On 13/12/2022 16:00, Juergen Gross wrote:
> @@ -115,47 +117,32 @@ hashtable_expand(struct hashtable *h)
>       if (h->primeindex == (prime_table_length - 1)) return 0;
>       newsize = primes[++(h->primeindex)];
>   
> -    newtable = (struct entry **)calloc(newsize, sizeof(struct entry*));
> -    if (NULL != newtable)
> +    newtable = talloc_realloc(h, h->table, struct entry *, newsize);
> +    if (!newtable)
>       {
> -        /* This algorithm is not 'stable'. ie. it reverses the list
> -         * when it transfers entries between the tables */
> -        for (i = 0; i < h->tablelength; i++) {
> -            while (NULL != (e = h->table[i])) {
> -                h->table[i] = e->next;
> -                index = indexFor(newsize,e->h);
> +        h->primeindex--;
> +        return 0;
> +    }
> +
> +    h->table = newtable;
> +    memset(newtable + h->tablelength, 0,
> +           (newsize - h->tablelength) * sizeof(*newtable));
> +    for (i = 0; i < h->tablelength; i++) {

I understand this code is taken from the realloc path. However, isn't 
this algorithm also not stable?

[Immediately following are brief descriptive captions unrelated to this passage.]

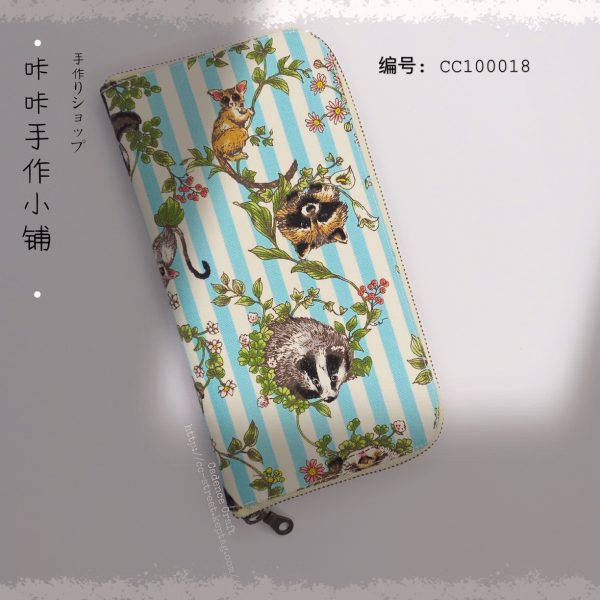 长款风琴褶长夹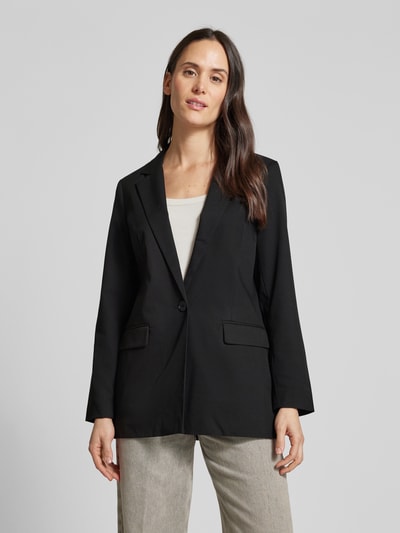 Vero Moda Relaxed Fit Longblazer aus Viskose-Mix Modell 'NILA' Black 4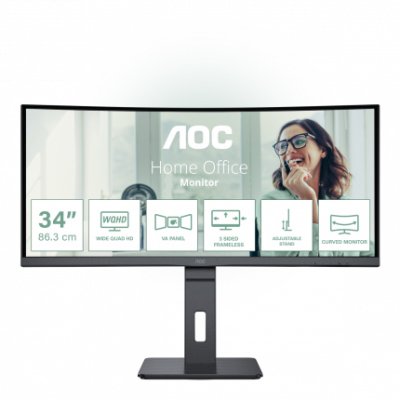 монитор AOC CU34P3CV Черный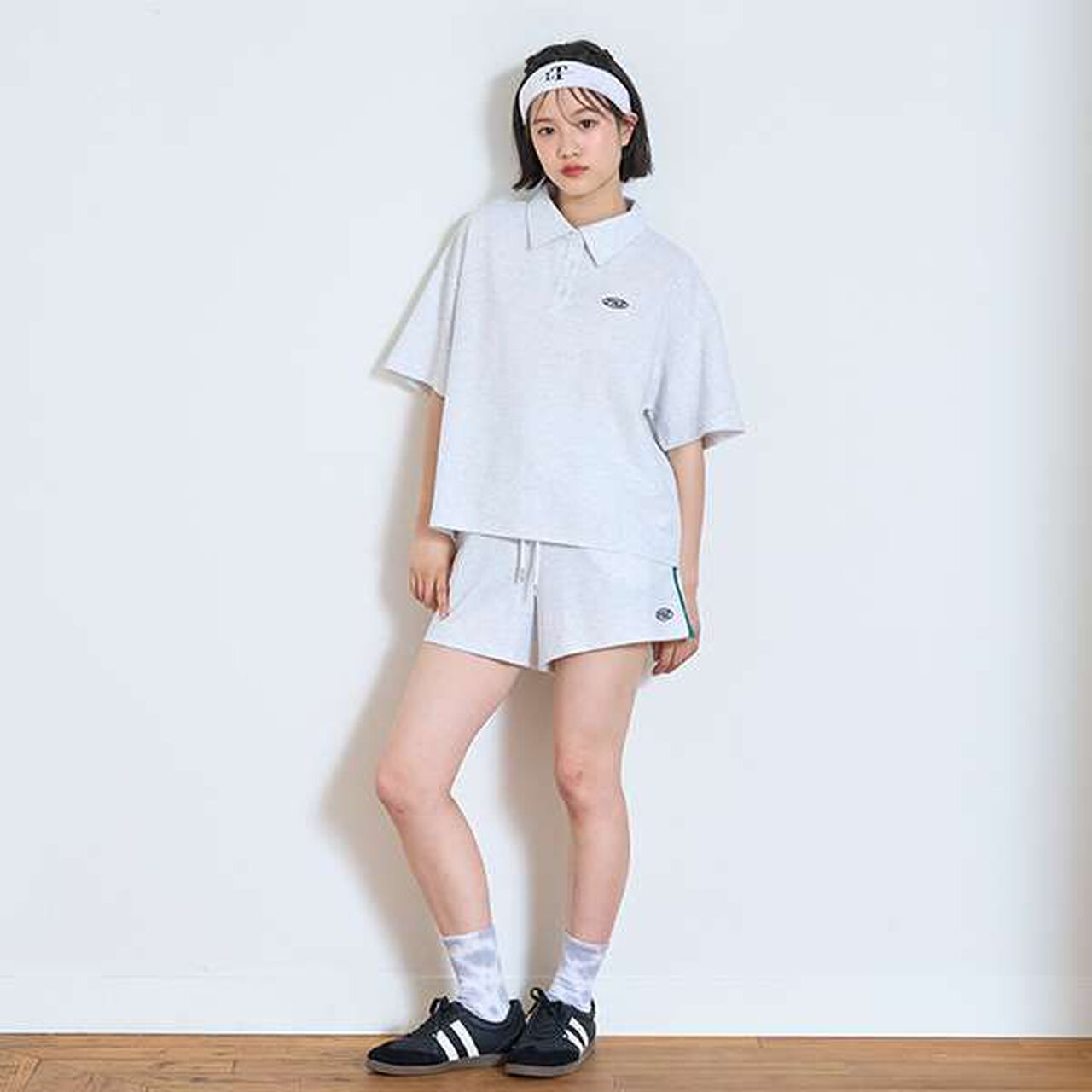 [LTXC] Loose Polo Outfit Set,Smoke white, large image number 2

If so, then I think we move the comment 
here.

> +        for (pE = &(newtable[i]), e = *pE; e != NULL; e = *pE) {
> +            index = indexFor(newsize,e->h);

Missing space after ",".

> +            if (index == i)
> +            {
> +                pE = &(e->next);
> +            }
> +            else
> +            {
> +                *pE = e->next;
>                   e->next = newtable[index];
>                   newtable[index] = e;
>               }
>           }
> -        free(h->table);
> -        h->table = newtable;
> -    }
> -    /* Plan B: realloc instead */
> -    else
> -    {
> -        newtable = (struct entry **)
> -                   realloc(h->table, newsize * sizeof(struct entry *));
> -        if (NULL == newtable) { (h->primeindex)--; return 0; }
> -        h->table = newtable;
> -        memset(newtable + h->tablelength, 0,
> -               (newsize - h->tablelength) * sizeof(*newtable));
> -        for (i = 0; i < h->tablelength; i++) {
> -            for (pE = &(newtable[i]), e = *pE; e != NULL; e = *pE) {
> -                index = indexFor(newsize,e->h);
> -                if (index == i)
> -                {
> -                    pE = &(e->next);
> -                }
> -                else
> -                {
> -                    *pE = e->next;
> -                    e->next = newtable[index];
> -                    newtable[index] = e;
> -                }
> -            }
> -        }
>       }
> +
>       h->tablelength = newsize;
>       h->loadlimit   = (unsigned int)
>           (((uint64_t)newsize * max_load_factor) / 100);
> @@ -184,7 +171,7 @@ hashtable_insert(struct hashtable *h, void *k, void *v)
>            * element may be ok. Next time we insert, we'll try expanding again.*/
>           hashtable_expand(h);
>       }
> -    e = (struct entry *)calloc(1, sizeof(struct entry));
> +    e = talloc_zero(h, struct entry);
>       if (NULL == e) { --(h->entrycount); return 0; } /*oom*/
>       e->h = hash(h,k);
>       index = indexFor(h->tablelength,e->h);
> @@ -238,8 +225,8 @@ hashtable_remove(struct hashtable *h, void *k)
>               h->entrycount--;
>               v = e->v;
>               if (h->flags & HASHTABLE_FREE_KEY)
> -                free(e->k);
> -            free(e);
> +                talloc_free(e->k);
> +            talloc_free(e);
>               return v;
>           }
>           pE = &(e->next);
> @@ -280,25 +267,20 @@ void
>   hashtable_destroy(struct hashtable *h)
>   {
>       unsigned int i;
> -    struct entry *e, *f;
> +    struct entry *e;
>       struct entry **table = h->table;
>   
>       for (i = 0; i < h->tablelength; i++)
>       {
> -        e = table[i];
> -        while (NULL != e)
> +        for (e = table[i]; e; e = e->next)
>           {
> -            f = e;
> -            e = e->next;
>               if (h->flags & HASHTABLE_FREE_KEY)
> -                free(f->k);
> +                talloc_free(e->k);
>               if (h->flags & HASHTABLE_FREE_VALUE)
> -                free(f->v);
> -            free(f);

AFAIU, the loop is reworked so you let talloc to free each element with 
the parent. Using a while loop is definitely cleaner, but now you will 
end up to have two separate loop for the elements.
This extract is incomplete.